Devi Adi Parashakti is a mythological television series based on the Hindu texts of the Shiva Purana, the Devi-Bhagavata Purana, the Markandeya Purana, and pan-Indian folktales of the Goddess. The series was created by Siddharth Kumar Tewary, directed by Loknath Pandey and Manish Singh, and produced by Swastik Productions. Rati Pandey plays the role of Devi Adi Parashakti and her incarnations Goddess Sati, and Goddess Parvati. Tarun Khanna played the role of Devi's husband, Lord Shiva with Kanan Malhotra as Lord Vishnu, Devi's brother. The show also features Sonia Singh as Goddess Diti, the main antagonist.

The serial first aired on February 10, 2020. Due to the COVID-19 lockdown in India, the show was delayed. This show started airing once again on November 9, 2020, and ended on December 26, 2020 in Dangal TV.

Plot

Devi Sakthi adhyaya 
The story begins with Shiva's questions on The Self and how he discovers that it was the Supreme Goddess Adi Parashakti who created him, Vishnu, and Brahma.

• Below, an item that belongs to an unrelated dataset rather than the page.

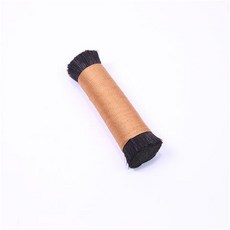 台灣熱銷 棕老虎鬃老虎山棕拓刷篆刻边款刷棕刷棕毛鬃毛刷拓古币瓦当拓碑, 【單品】馬鬃圓刷大號一支, 1個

Shiva destroys Brahma's arrogance by beheading his fifth head in a feast arranged by Brahma's sons like Daksha and Narada to honour their father. She reveals herself from the cut off head and imparts true wisdom of who She is to the Tridevas. She then assumes three different forms: Saraswati - who weds Brahma, Lakshmi - who weds Vishnu, and Shakti - who becomes Shiva's beloved, and resides with them in their respective abodes. Then Daksha, the son of Brahma gets his two daughters Diti and Aditi married to Rishi Kashyapa. Aditi gives birth to Devas like Devraj Indra and Pancha bhoota devas i.e., Surya, Varuna, Vayu, Agni and Prithvi. While, Diti who is jealous of her sister, gives birth to Daityas or demons. Brahma dev creates Svarga for Devas and Patala for Asuras. Infuriated Diti, takes oath that she will capture Svarga. In the course of time, an Asura named Tarakasura, a son of Diti obtains a boon from Brahma that he would only be killed by the offspring of Shiva. Thinking of himself as immortal, he displaces the Devas, the immortal enemies of the Asuras, from the heaven.

Devi Sati adhyaya 
Then compelled by her daughter Diti to separate Shakti from Shiva and Kailasha, Daksha compels Devi Shakti to be born as his and his wife Prasuti's daughter in earth as Sati. After Sati discovers Shiva, who Daksha disapproves of and abhors, she falls in love with him. Then, Lord Vishnu and Indra disguise themselves as Sages and guide her towards Lord Shiva.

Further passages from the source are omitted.